Yolculuk Blog – Tuner Tekin
Başlıktaki cümle Hazine ve Maliye Bakanı Mehmet Şimşek’e ait. Geçen hafta yapılan “MÜSİAD 2024 Yılı Değerlendirmesi ve 2025 Yılı Beklentileri” adlı toplantıda dile getirdi. Şimşek bu cümleyle AKP’nin sermaye çıkarlarının en halis temsilcisi olduğu gerçeğini önümüze seriyordu bütün açıklığıyla bir kez daha.
AKP/Erdoğan’ın her daim hayırla ve övgüyle yad ettiği Turgut Özal da iktidar yıllarında ana fikir olarak benzeri sayılacak “ben zengini severim” sözüyle sermayeye olan aşkını ilan etmişti. İşçiler de sadece bu sözüyle değil tüm icraatlarıyla işçi düşmanlığı, sermaye aşkını sergileyen Özal’ı “Çankaya’nın şişmanı işçi düşmanı” sloganıyla tarihin direğine çivilemişti.

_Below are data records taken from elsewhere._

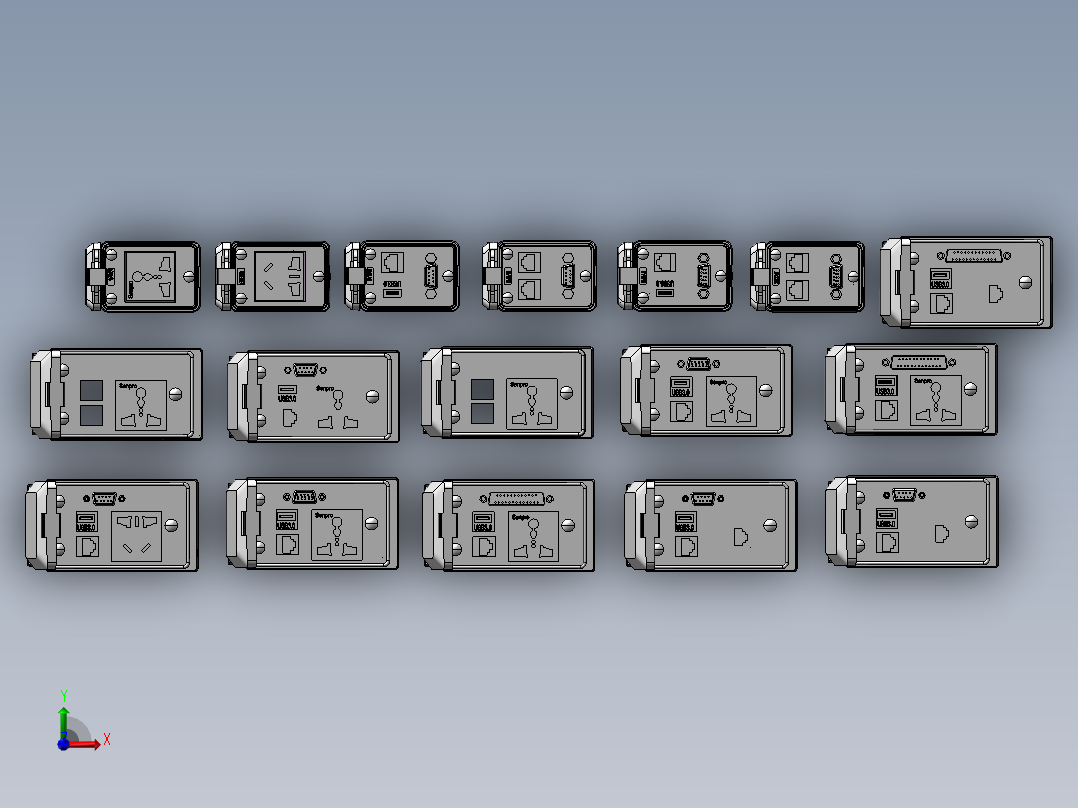 通信面板端口面板数据通信接口17种前视图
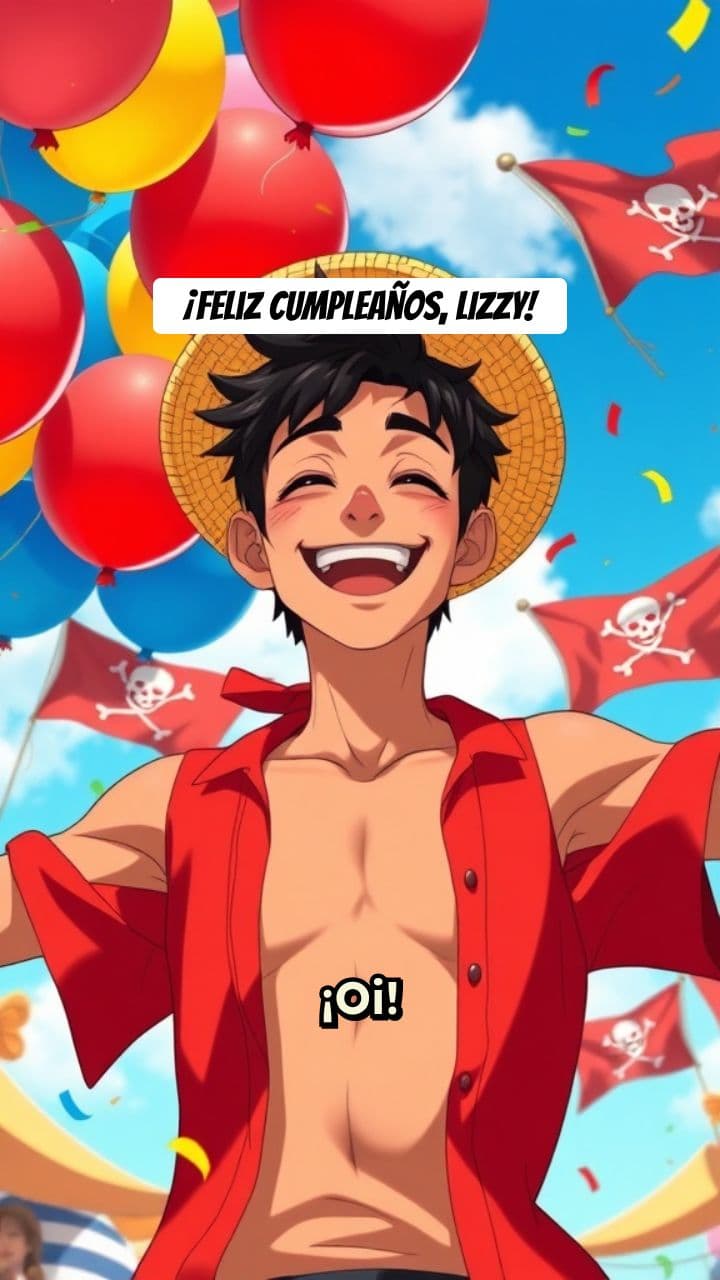 Mensaje de Cumpleaños de Luffy para Lizzy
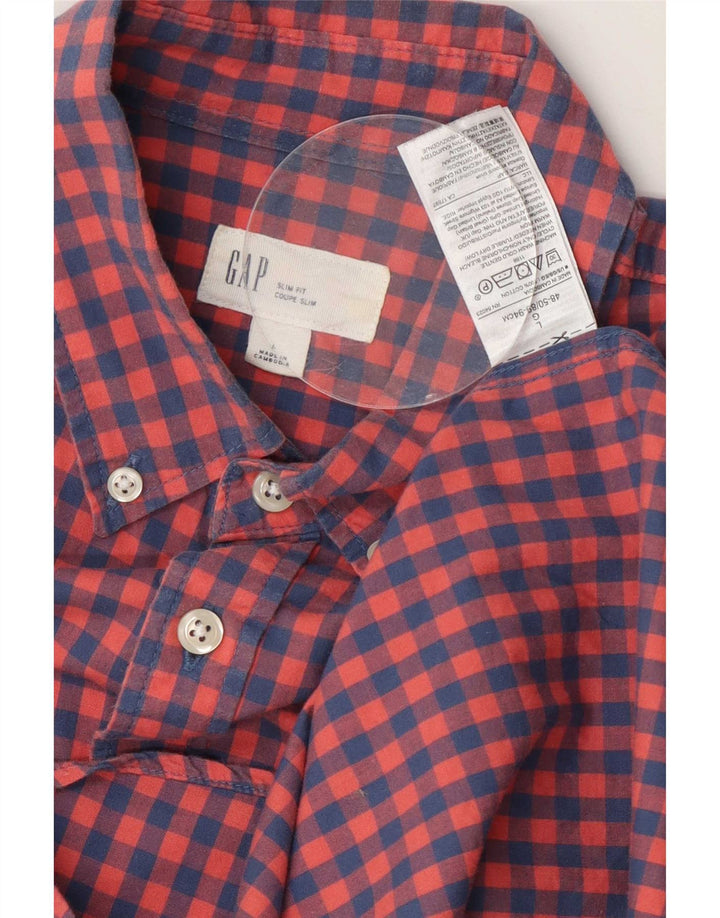 Gap Chemise cintrée pour hommes, grand coton vichy rouge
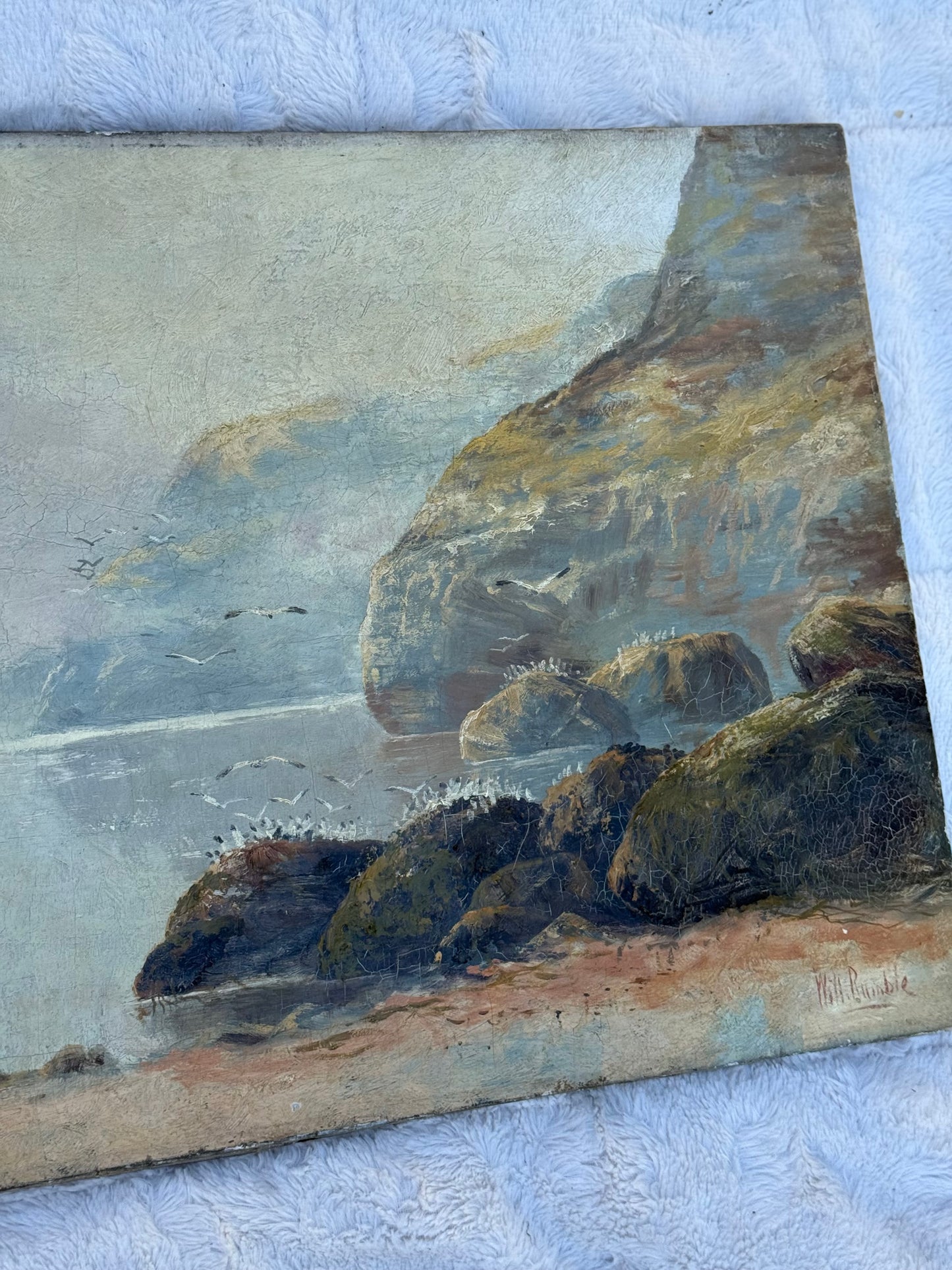 Antique 19th-Century Coastal Seascape Oil Painting by William H. Rumble | 20x30 Original Maritime Landscape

Aradan yıllar geçti, aynı zincirin halkası AKP, sermaye sevdası, işçi düşmanlığında Özal’ı gerilerde bıraktı. İşçi-emekçiyi hiçleştirme, sermayeye pervasız hizmet etmede hiçbir partinin onunla yarışamayacağını gösterdi.
Küçük bir azınlığın zenginleşmesinin tüm toplumu zenginliğe taşıyacak lokomotif olduğu iddiası neo liberalizmin en başta gelen yalanıdır. Mehmet Şimşek “biz sizden daha çok para kazanmanızı istiyoruz, başka bir şey istemiyoruz” derken artık ipliği pazara çıkmış o neo liberal yalana atıfta bulunuyordu. ‘Daha fazla kar elde etmek için elinizden geleni yapın, biz sahayı sizin için düzlüyoruz işte’ diyordu bir bakıma. Bunu nasıl yaptıklarını artık hepimiz biliyoruz. Büyük sermayeye vergi indirimi, vergi affı, kamu bankalarından geri ödemesini diledikleri zaman yapacakları (ya da yapmayacakları) yeter miktarda kredi, grev yasağı, sendika engellemesi vb. yollarla.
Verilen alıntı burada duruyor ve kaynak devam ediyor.